NextRadio App now utilizes built-in FM Radio chips in over 200 Android devices - DrScump
http://nextradioapp.com/supported-devices/
======
DrScump
... including the Samsung Galaxy S7. The submittal link is the device roster;
here[0] is an article about Samsung joining the fray.

I just installed it on my Galaxy S7, and I'm _very_ impressed so far. The only
permission it prompted me for is location (which I disable anyway), but you
can Deny that -- it then prompts you for zipcode.

It gives you a menu of FM stations in your area (with some odd duplication and
some confusion of icons) from which you can build a favorites list.

It also has a "Basic Tuner" mode so you can tune like a regular digital tuner.
This is valuable if you want a station not in their menu (my own immediate
need for this is for the low-power FM transmitters for TVs at the gym).
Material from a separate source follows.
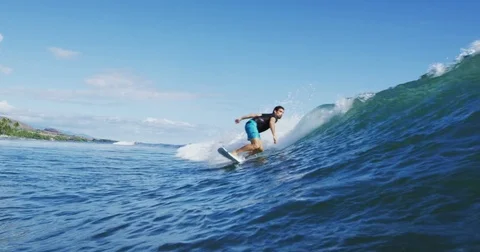 Surfer on Blue Ocean Wave Stock Footage 76283711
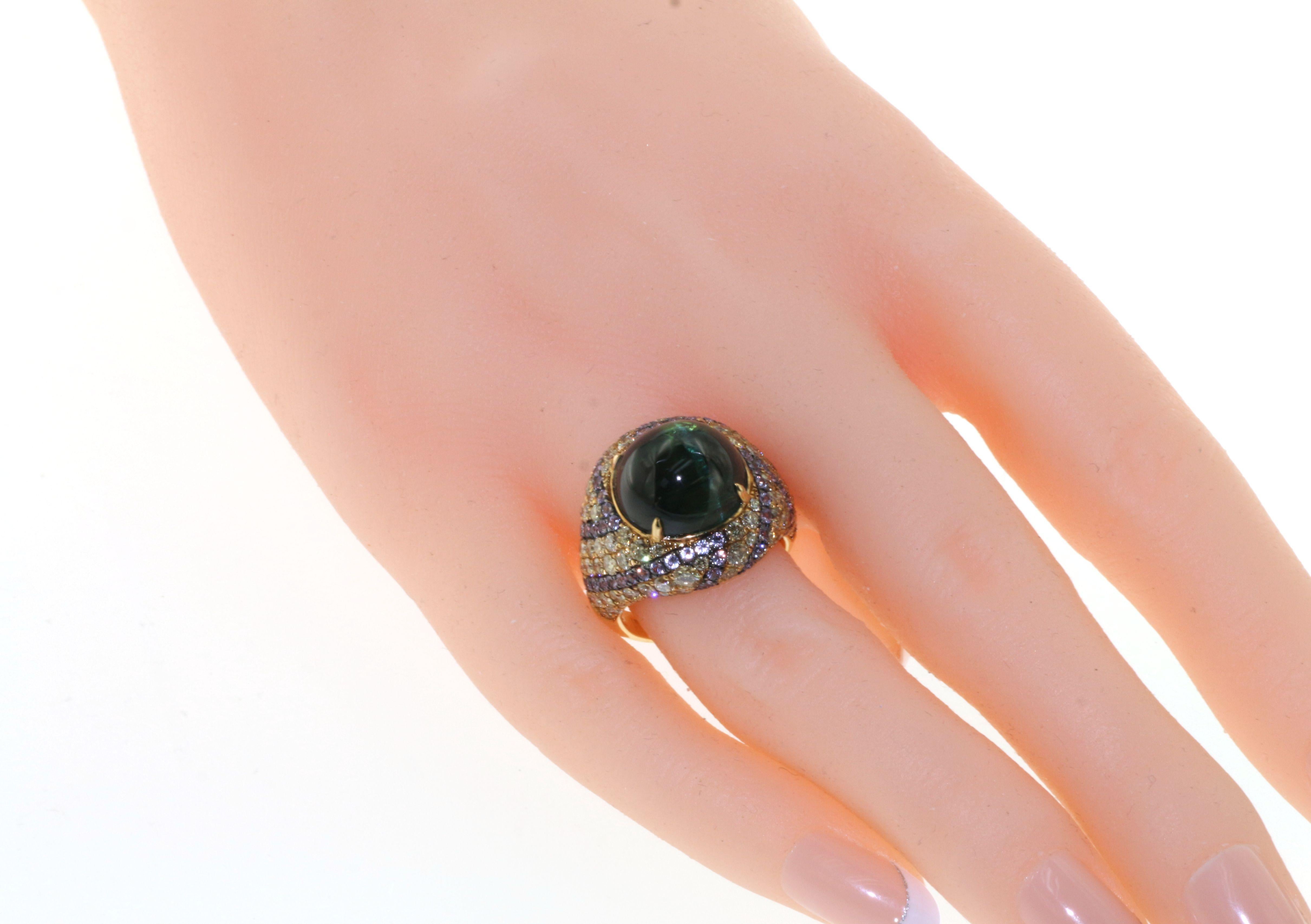 Indulge in the luxury of our Cabochon Cat Eye Green Tourmaline Diamond Sapphire Cocktail Ring, an exquisite piece that will elevate any outfit. Featuring an impressive 11.20 carat cabochon green tourmaline with a mesmerizing cat's eye effect, this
You can select "FM Only" mode to completely avoid streaming and use only the
FM tuner (to save mobile data).

I have no affiliation with these people; I was completely unaware that the
long-present but unusable FM chip was being liberated at all until 15 minutes
ago. My last Android with usable FM was my old HTC from 7 years ago.

[0] [http://www.androidpolice.com/2018/01/10/samsung-
smartphones-...](http://www.androidpolice.com/2018/01/10/samsung-smartphones-
will-fm-chip-enabled-us-canada-partnership-nextradio/)